_What is being asked_
The whole listing, exactly as given: write it out, leaving out each image.

_Data_
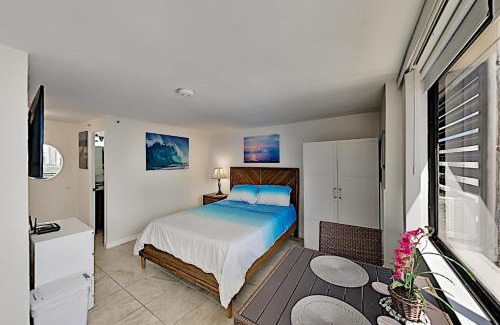 McCully - Moiliili Casa | Sunny Hawaiian Monarch Studio
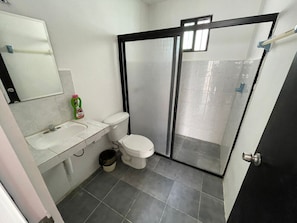 Towels, soap, shampoo, toilet paper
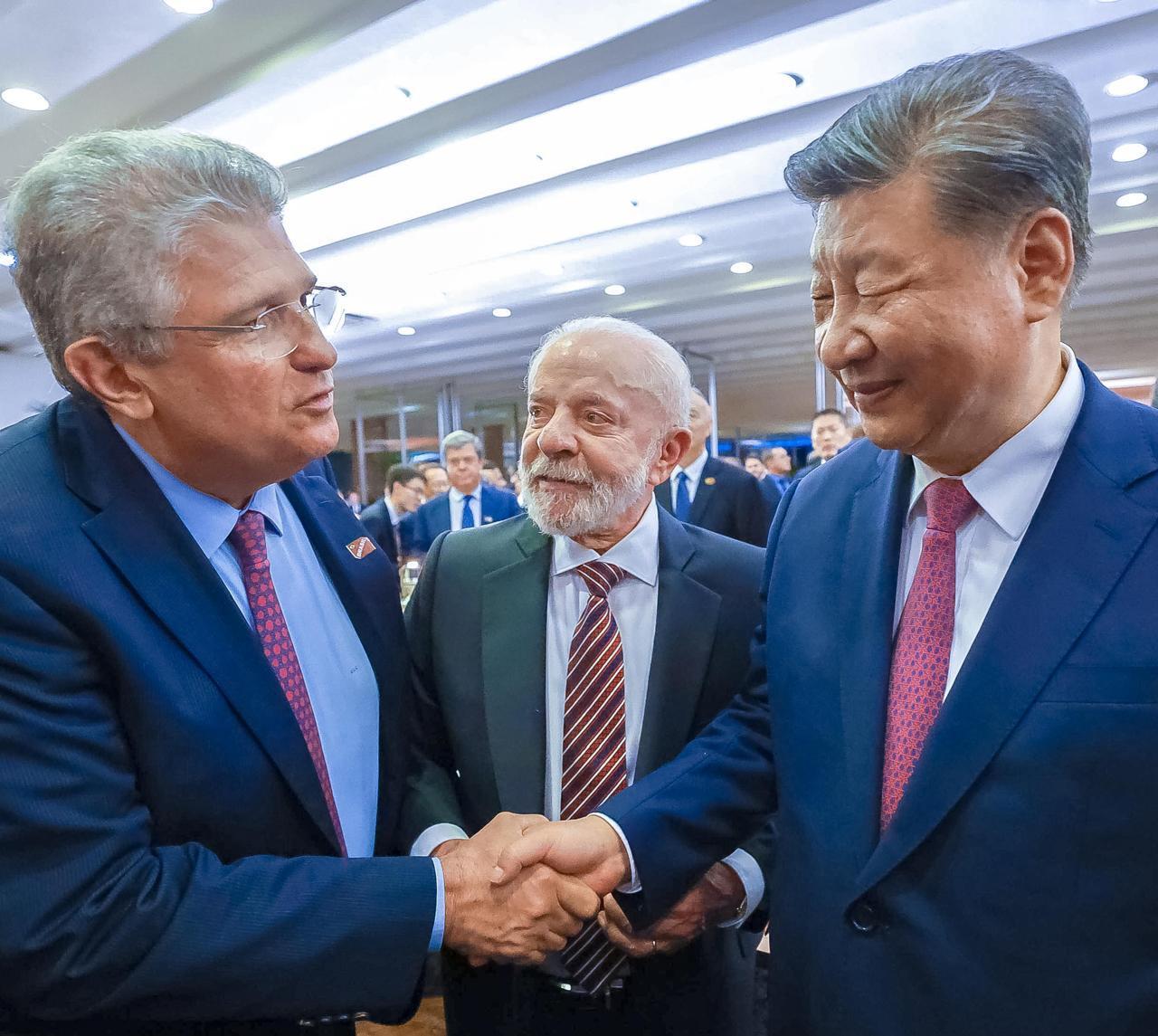 Presidente da Abrafrutas, Guilherme Coelho, com presidente chinês durante jantar. Foto: Arquivo Pessoal/Guilherme Coelho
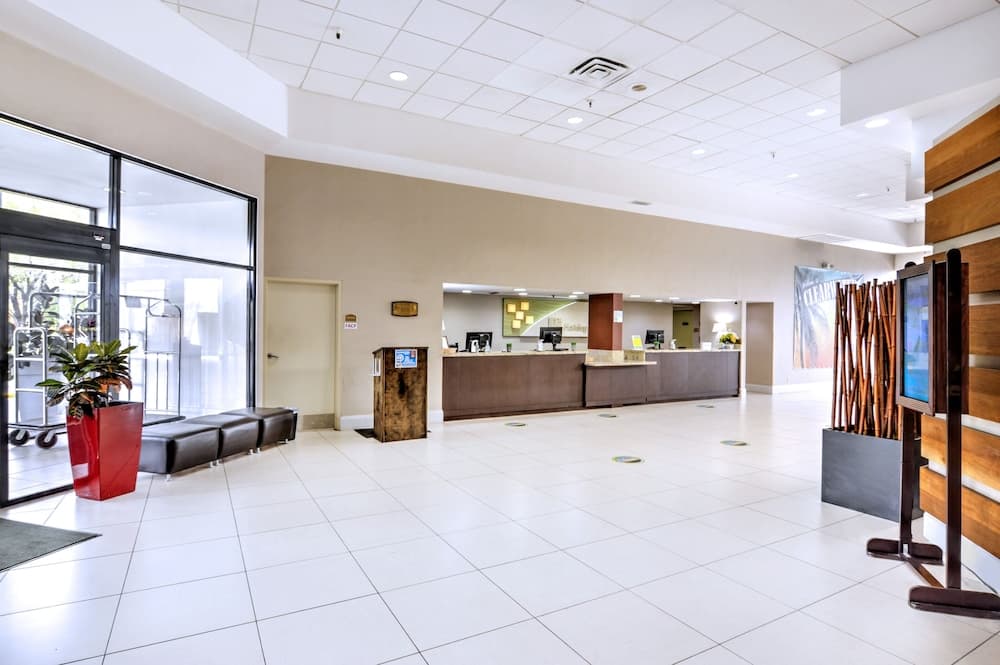 Holiday Inn St Petersburg N - Clearwater by IHG interior in Clearwater, FL — gallery photo 2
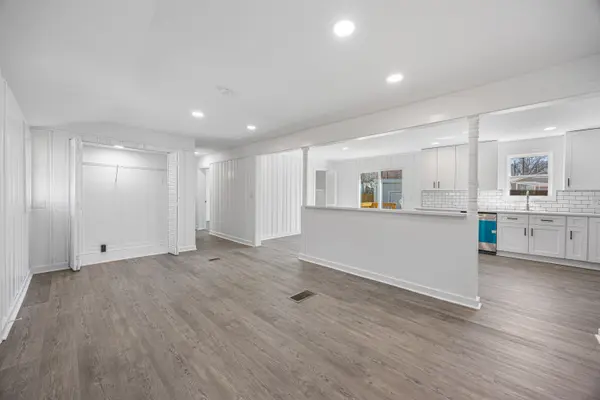 5015 Forestmont Dr, Matthews, NC 28105-5814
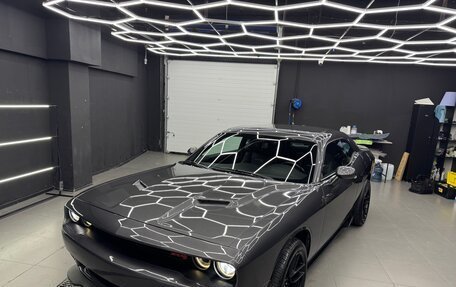 Dodge Challenger III рестайлинг 2, 2018 год, 3 500 000 рублей, 12 фотография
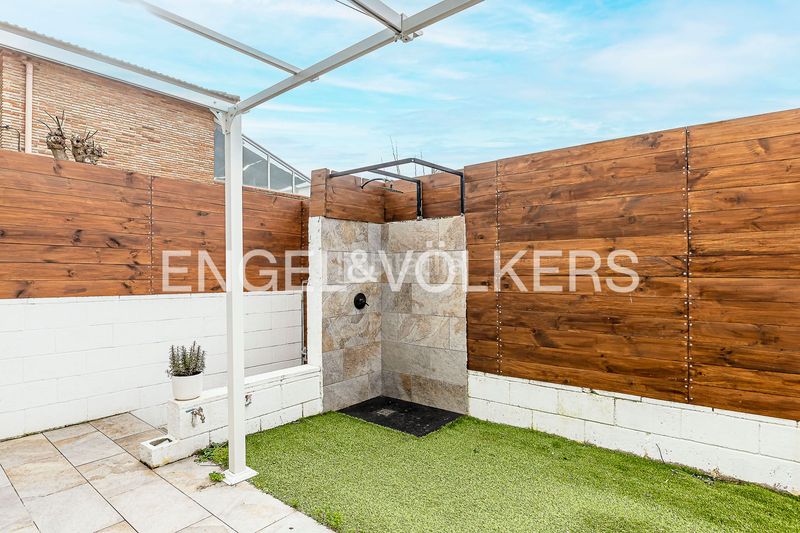 Foto 5cc6454d-5030-4dcd-8681-6f75f00cf23a. Casa amb calefacció aparcament a Begues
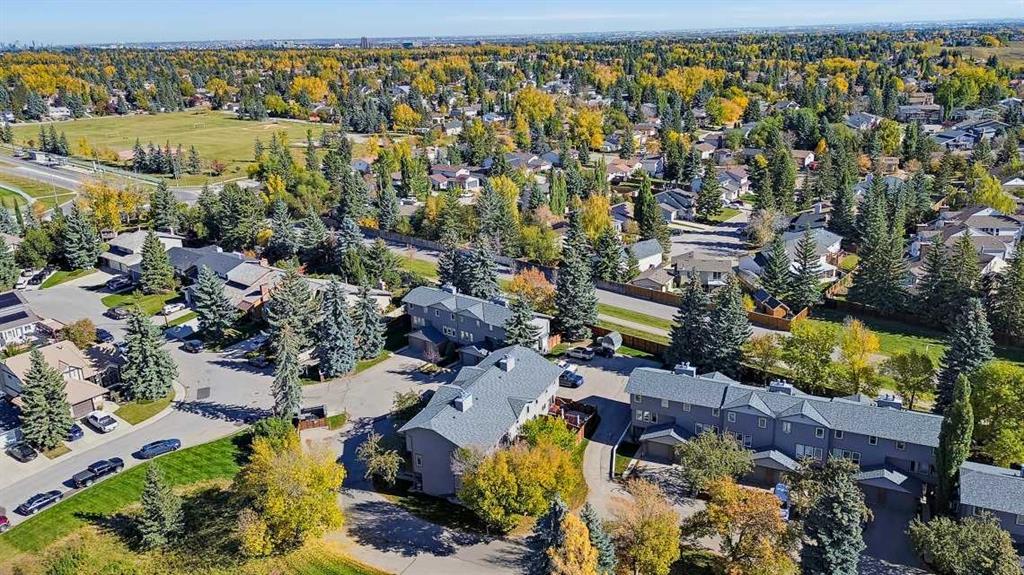 Fourth View of 5, 64 Woodacres Crescent SW, Woodbine, Calgary, Alberta, T2W 4V6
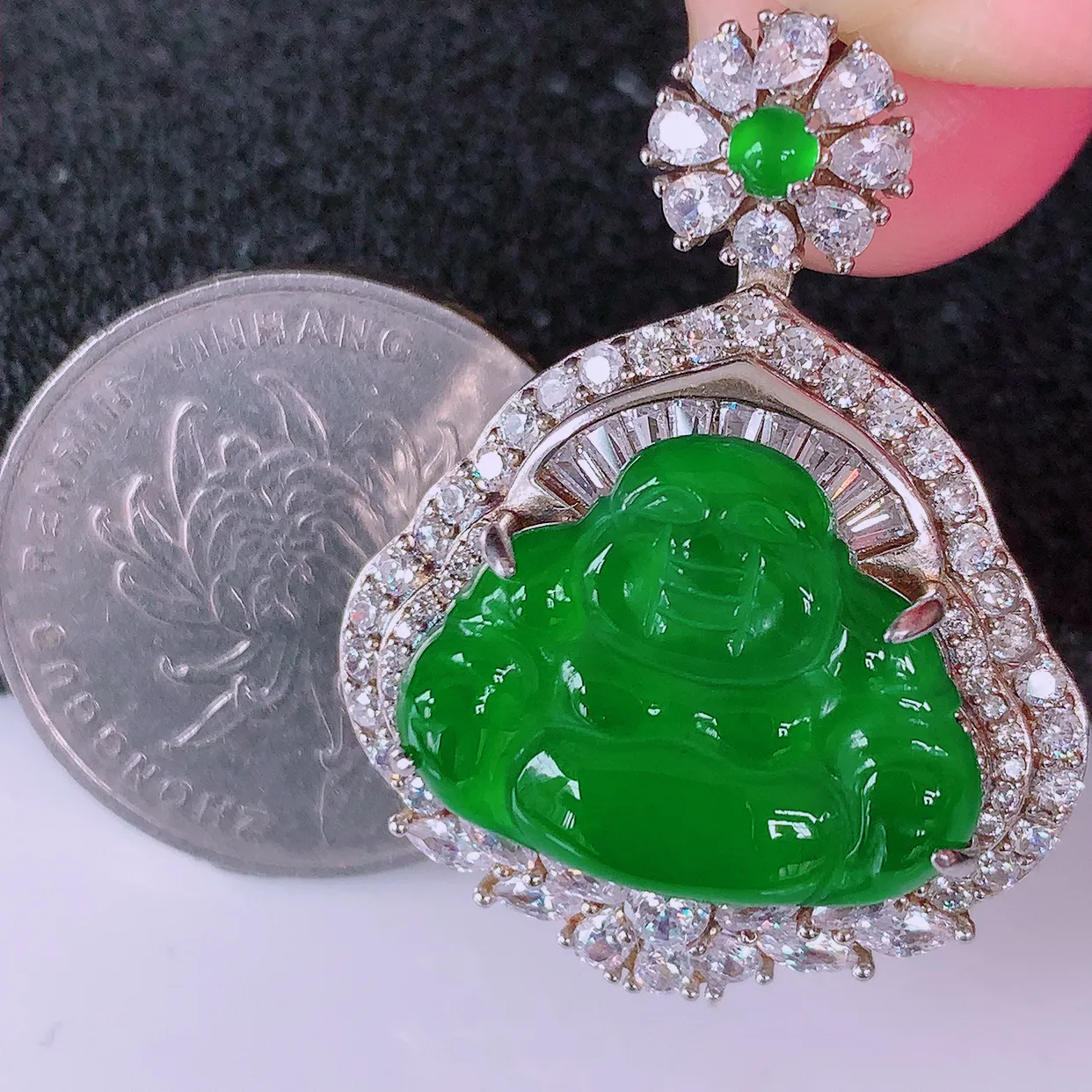 冰透满绿翡翠925银镶嵌佛公吊坠，自然光实拍，翠色灵动，颜色漂亮，种老水足，品相佳，佩戴佳品！#97.9整体34.2*26.5*13 裸石20*15.5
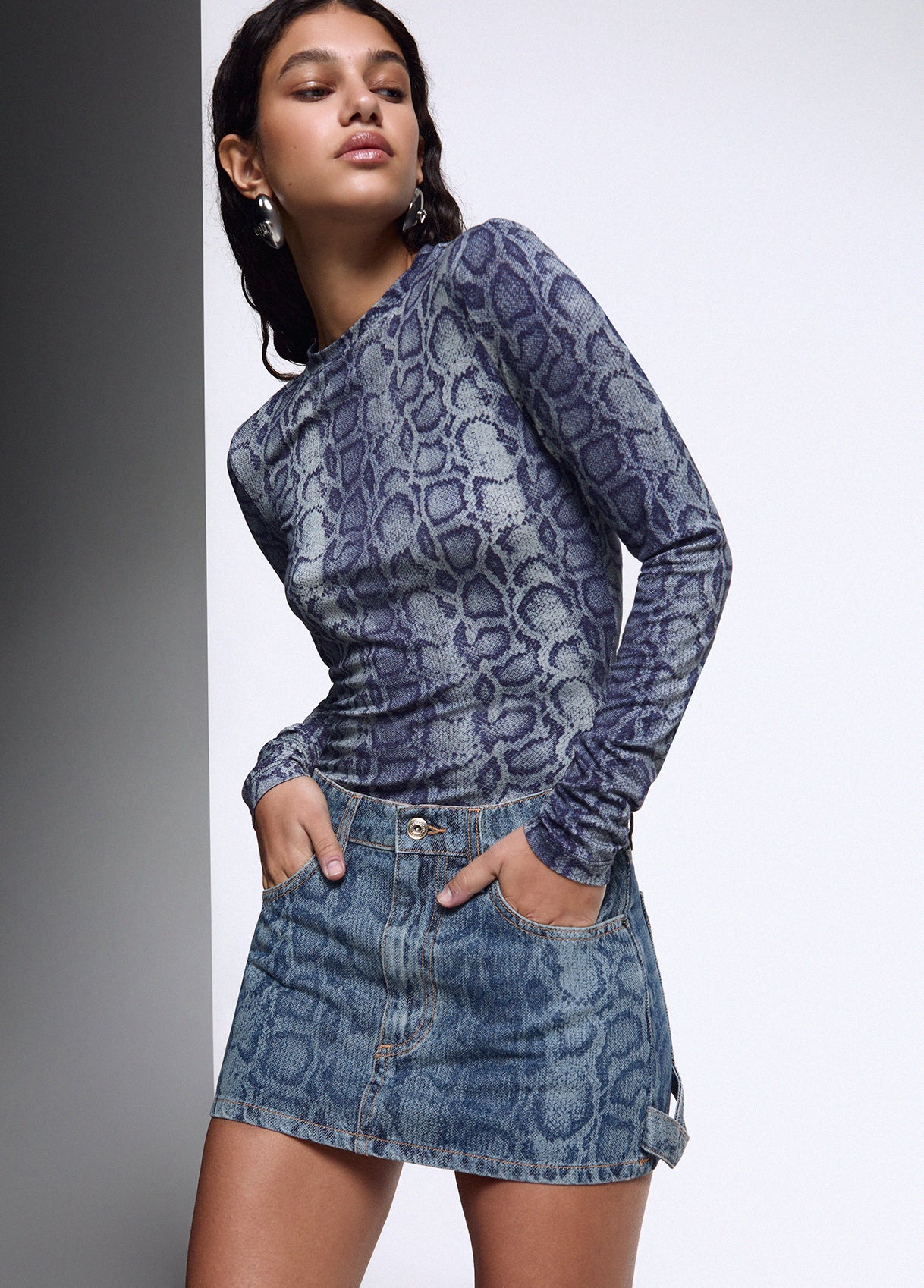 Gonne LIU LO AI26 - Minigonna in denim pitonato - UF6518D039779154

_Solution to the exercise_
 McCully - Moiliili Casa | Sunny Hawaiian Monarch Studio
 Towels, soap, shampoo, toilet paper
 Presidente da Abrafrutas, Guilherme Coelho, com presidente chinês durante jantar. Foto: Arquivo Pessoal/Guilherme Coelho
 Holiday Inn St Petersburg N - Clearwater by IHG interior in Clearwater, FL — gallery photo 2
 5015 Forestmont Dr, Matthews, NC 28105-5814
 Dodge Challenger III рестайлинг 2, 2018 год, 3 500 000 рублей, 12 фотография
 Foto 5cc6454d-5030-4dcd-8681-6f75f00cf23a. Casa amb calefacció aparcament a Begues
 Fourth View of 5, 64 Woodacres Crescent SW, Woodbine, Calgary, Alberta, T2W 4V6
 冰透满绿翡翠925银镶嵌佛公吊坠，自然光实拍，翠色灵动，颜色漂亮，种老水足，品相佳，佩戴佳品！#97.9整体34.2*26.5*13 裸石20*15.5
 Gonne LIU LO AI26 - Minigonna in denim pitonato - UF6518D039779154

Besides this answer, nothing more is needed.